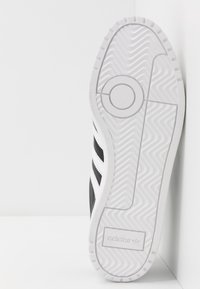 Svart och vit sneaker med en texturerad gummisula, prydd med tre svarta ränder och en Adidas-logotyp på sidan.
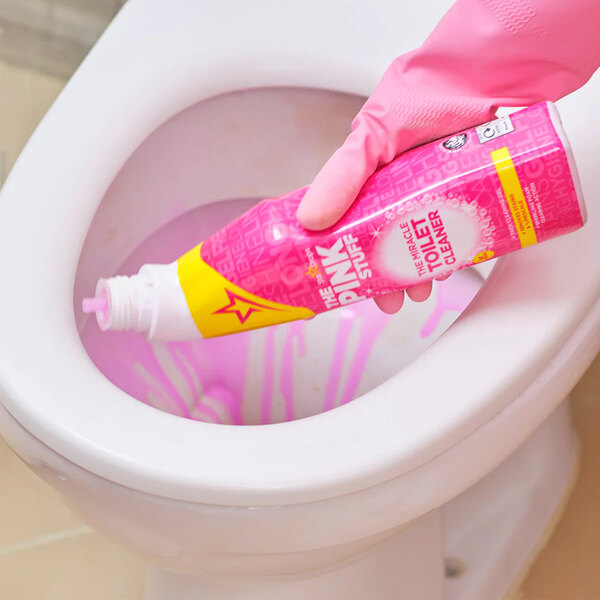 A bottle of The Pink Stuff Miracle Toilet Cleaner Gel being applied to a toilet bowl.
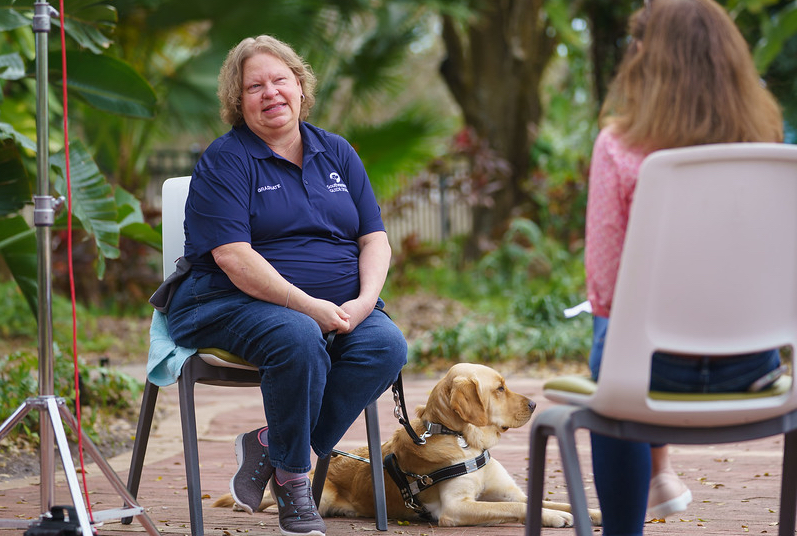 Woman sits in a chair with yellow lab guide dog in harness laying next to her with a woman sitting across from them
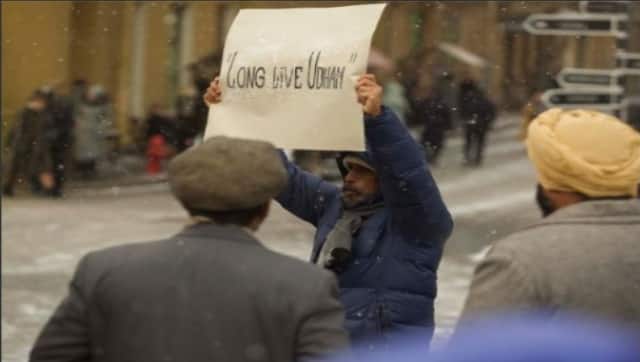Shoojit Sircar holds up a placard during shoot that reads 'Long live Udham'. Twitter/@shoojitsircar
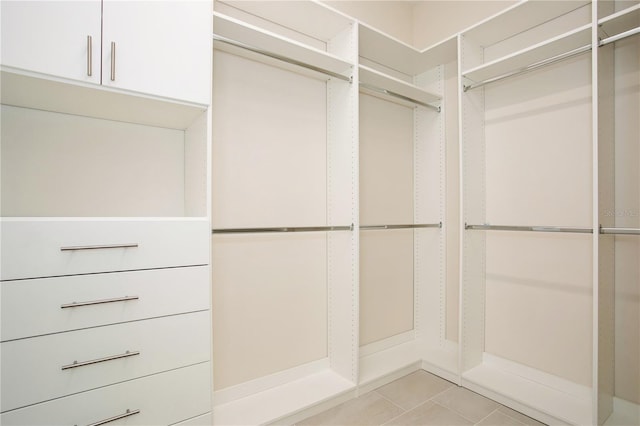 spacious closet with light tile patterned flooring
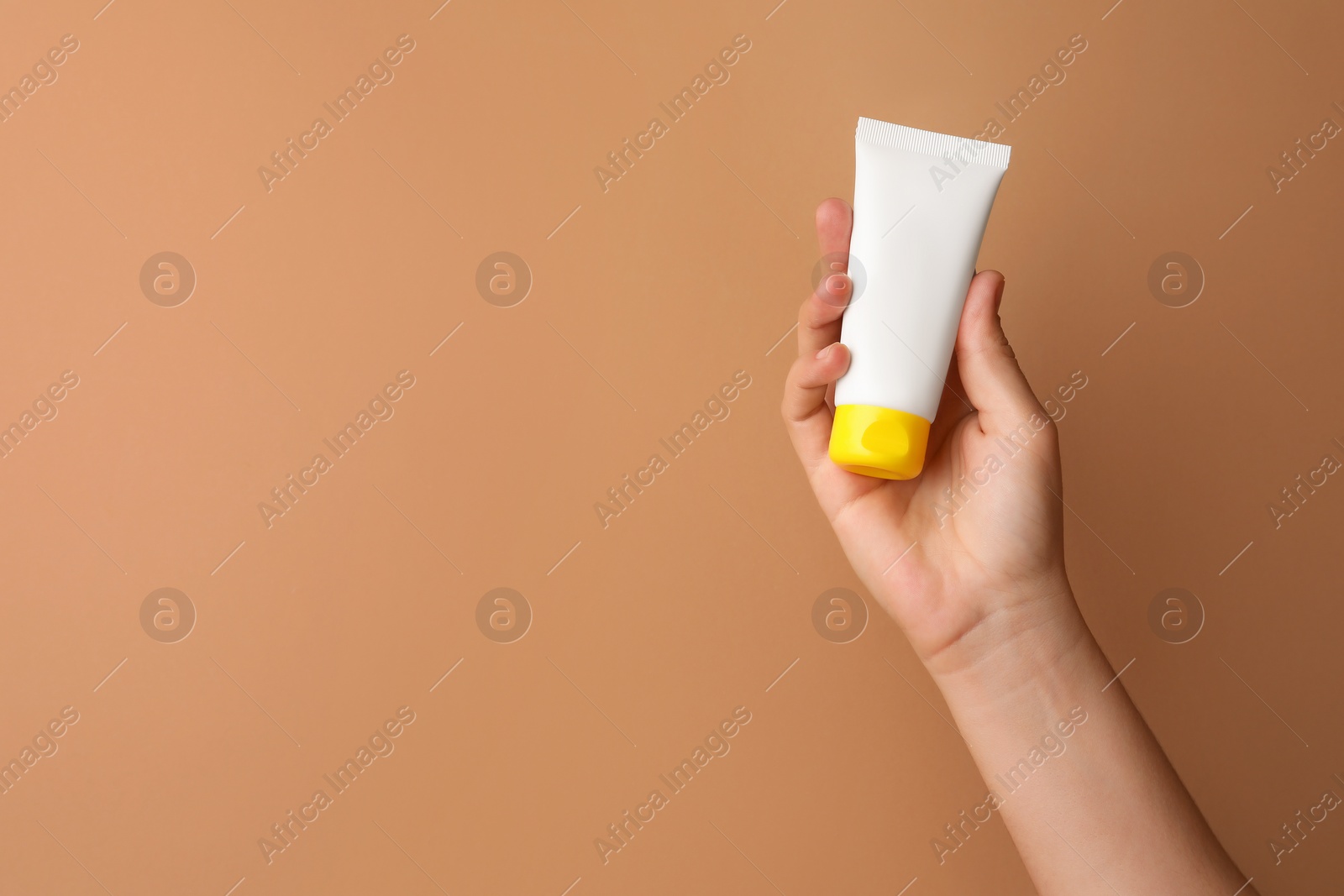 Photo of Woman holding tube of face cream on beige background, closeup. Space for text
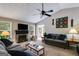 Comfortable living room with vaulted ceilings, large windows, and a beautiful stone fireplace at 169 Knights Ct, Dallas, GA 30157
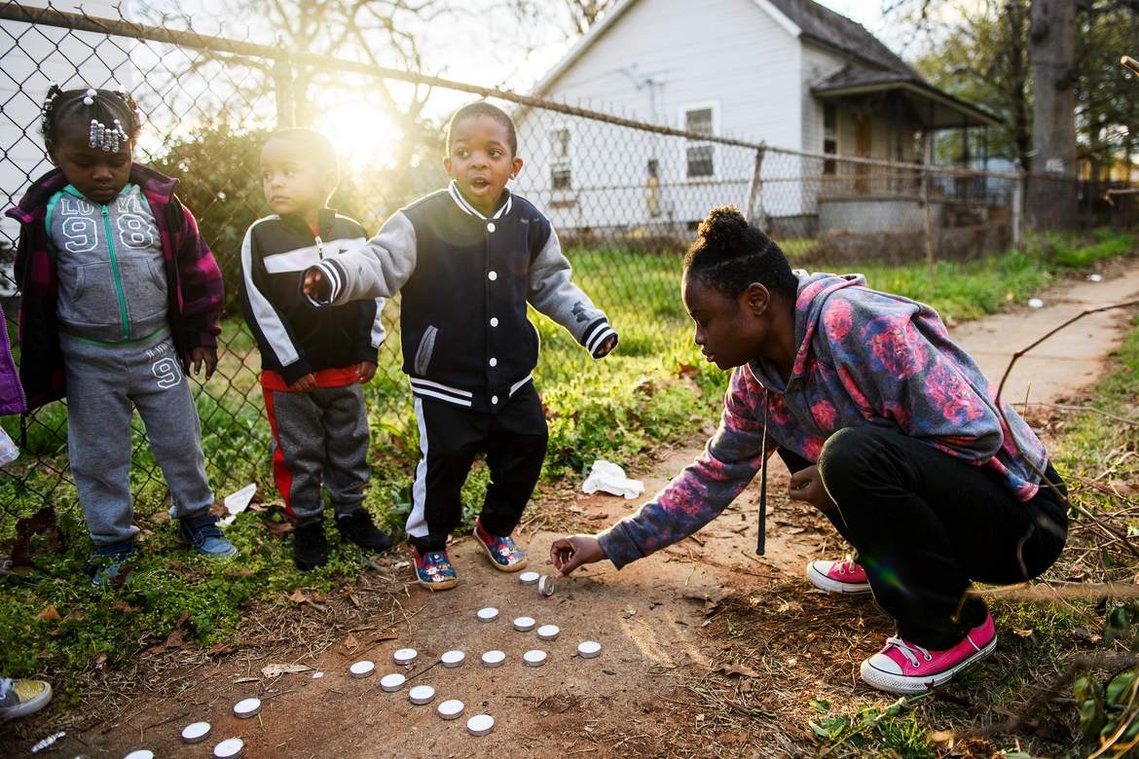 Brittany Debose, 22, lays down candles to spell out 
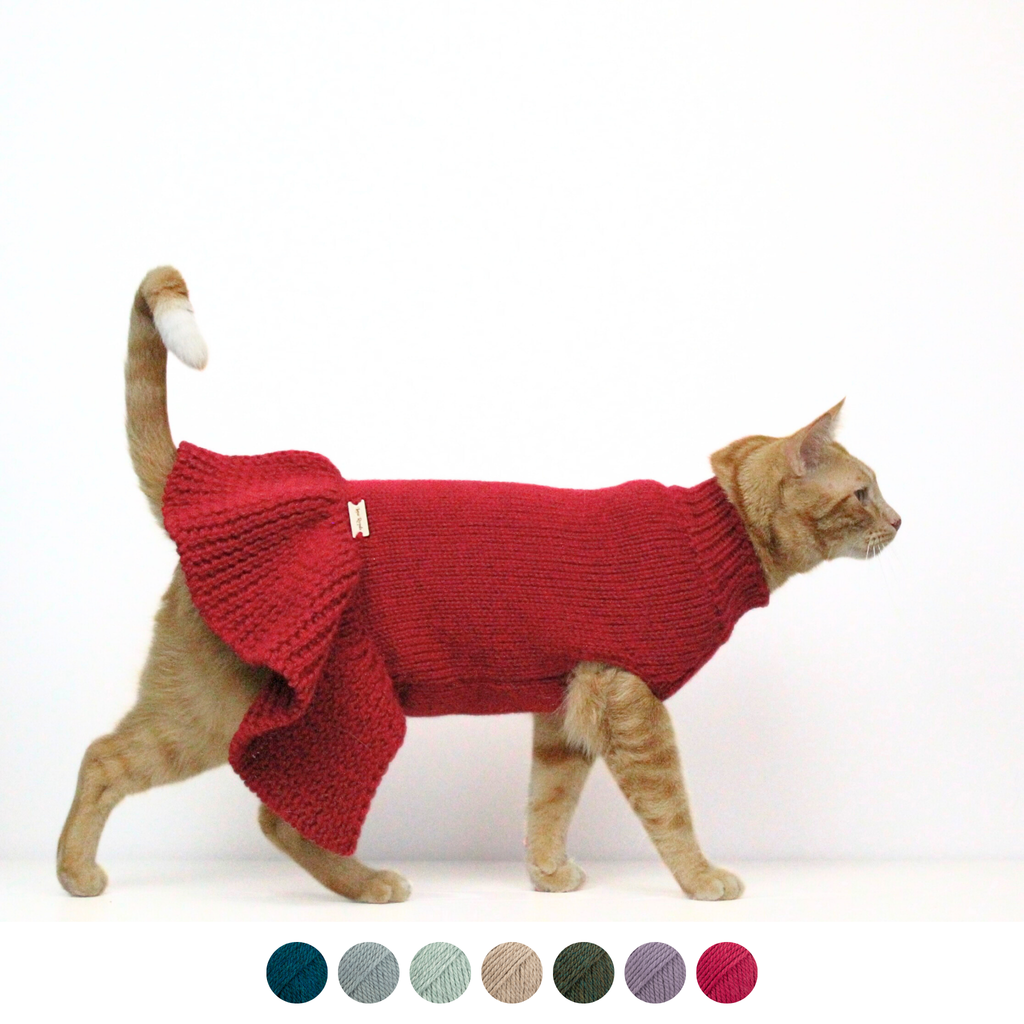 Ginger cat wearing a red hand-knitted alpaca wool sweater dress, custom-tailored to measure by Lana Royals Pet Wear.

-----

* _TASK DESCRIPTION_
The reply must consist of the complete listing, reproduced exactly, with no images.

* _RESULT OF THE EXERCISE_
 Svart och vit sneaker med en texturerad gummisula, prydd med tre svarta ränder och en Adidas-logotyp på sidan.
 A bottle of The Pink Stuff Miracle Toilet Cleaner Gel being applied to a toilet bowl.
 Woman sits in a chair with yellow lab guide dog in harness laying next to her with a woman sitting across from them
Shoojit Sircar holds up a placard during shoot that reads 'Long live Udham'. Twitter/@shoojitsircar
 spacious closet with light tile patterned flooring
 Photo of Woman holding tube of face cream on beige background, closeup. Space for text
 Comfortable living room with vaulted ceilings, large windows, and a beautiful stone fireplace at 169 Knights Ct, Dallas, GA 30157
 Brittany Debose, 22, lays down candles to spell out 
 Ginger cat wearing a red hand-knitted alpaca wool sweater dress, custom-tailored to measure by Lana Royals Pet Wear.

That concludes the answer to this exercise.